O decreto baixado há duas semanas pelo prefeito do Rio de Janeiro, César Maia, proibindo a fabricação e o comércio de armas de fogo e de munições na cidade, é criticado por especialistas que consideram a medida ilegal e contestam a sua eficácia no combate à violência.
Para o professor de direito penal da USP (Universidade de São Paulo) Miguel Reale Júnior, o decreto viola a Constituição porque proíbe o livre exercício de atividade econômica. Reale considera que a matéria não pode ser objeto de legislação municipal, devendo ser regulada por lei federal. Ele sustenta o cabimento de mandado de segurança contra a aplicação das sanções previstas no decreto.
Para dar cumprimento ao decreto, o secretário de Desenvolvimento Econômico, Ciência e Tecnologia, Rodrigo de Pádua Lopes, promoveu a cassação das licenças para o comércio de armas de 23 empresas. O decreto prevê também o recolhimento dos "alvarás de licença para estabelecimento".
O procurador de Justiça do Estado de São Paulo Luis Antonio Marrey defende a tomada de providências para restringir o uso de armas, mas diz ter "dúvidas sobre se um prefeito pode fazer essa proibição". Ele afirma que boa parte das armas usadas para a prática de crimes é obtida ilegalmente, o que tornaria a medida "inócua" para combater a violência, caso seja adotada isoladamente.

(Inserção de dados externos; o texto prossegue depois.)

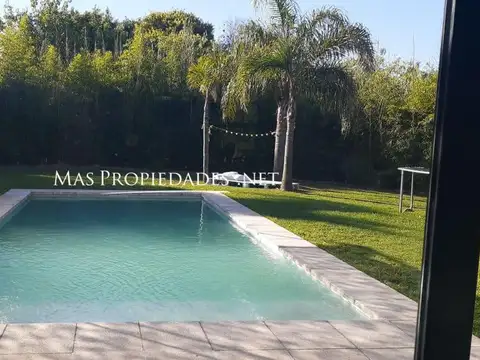 Casa 7 ambientes con 4 baños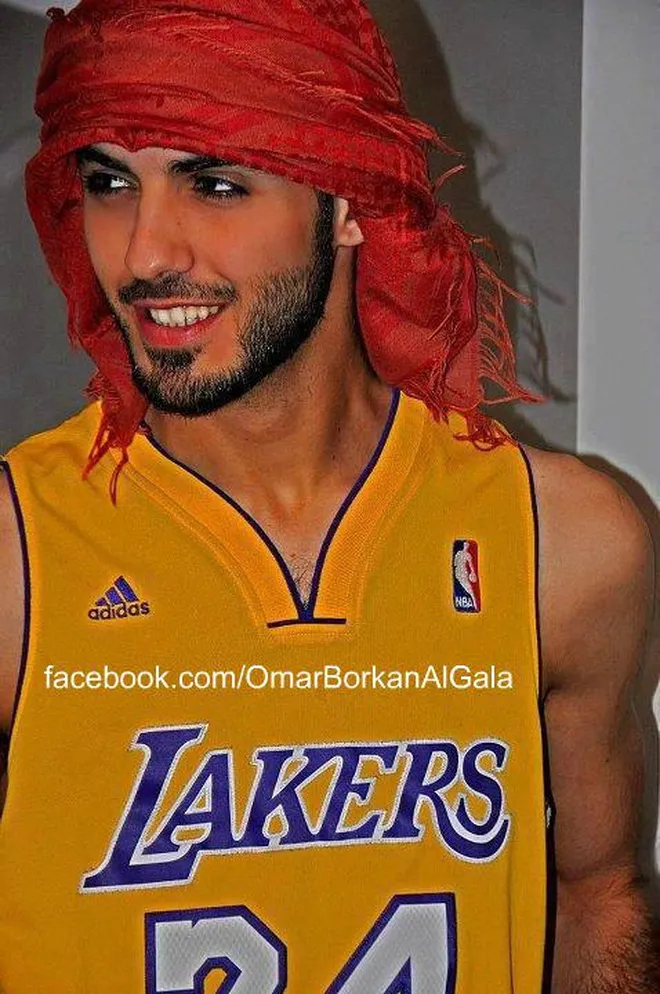 Omar Borkan, Dideportasi Dari Arab Karena Super Ganteng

A lei federal sobre esta matéria é um regulamento, aprovado pelo decreto nº 55.649, posto em vigor durante o regime militar, em 1965, e conhecido por "R-105", de autoria do Ministério do Exército. O regulamento funda-se no artigo 8º, inciso VII, da Constituição Federal de 67, repetido no artigo 21, inciso VI, da Constituição de 88, que fixa a competência da União para autorizar e fiscalizar a produção e o comércio de material bélico.
O regulamento determina que é atribuição privativa do Ministériodo Exército a decisão sobre os produtos que devem ser considerados "controlados", como as armas de fogo e a munição. Ao Ministério do Exército cabe também a decisão sobre o registro das empresas fabricantes e comerciantes de armas.

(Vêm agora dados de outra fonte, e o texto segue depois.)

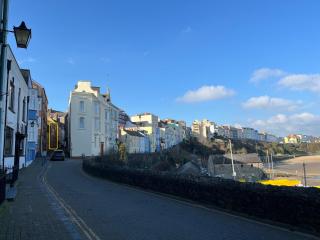 Wheelhouse - 3 bedroom home in the heart of Tenby - Pembrokeshire - 8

Para que uma empresa possa produzir e vender artigos controlados deve requerer um "Título de Registro" junto ao Ministério do Exército, que deve levar em conta "os interesses do país" para atender ou não o pedido. O pedido deve ser instruído com documentos detalhados sobre a empresa, suas atividades, além de atestado de idoneidade e compromisso de cumprir as diretrizes do regulamento.

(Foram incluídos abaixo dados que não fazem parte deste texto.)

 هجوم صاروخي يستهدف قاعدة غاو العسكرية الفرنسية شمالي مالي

Por delegação da União, a tarefa de expedir registros e conceder licenças de porte de arma de fogo cabe às Polícias Civis dos Estados. Cada cidadão pode ser proprietário de, no máximo, duas armas "de defesa", duas "de caça" e duas "de esporte". A loja vendedora só pode entregar a arma depois da expedição do registro, que dá direito à posse domiciliar da arma. A licença para portar a arma, que tem validade de um ano, depende da apresentação de "motivo relevante e imperioso", que será avaliado pelo delegado de polícia.
Segundo o delegado titular da Divisão de Produtos Controlados, José Leonardo Pedroso, em 1993 foram expedidos 33.792 registros e 54.285 licenças de porte de arma na cidade de São Paulo. "Nesse total incluem-se as armas compradas por policiais, por empresas de segurança, por vigilantes e por integrantes da Guarda Civil Metropolitana, além de armas que não são novas e sim transferidas de uma para outra pessoa", afirma.
O professor da Academia de Polícia de São Paulo Roberto Genofre defende uma política restritiva em relação à concessão de licença de porte de arma. Ele afirma que "a população não deve se armar porque as pessoas não conhecem o manejo das armas e não estão preparadas psicologicamente para o confronto".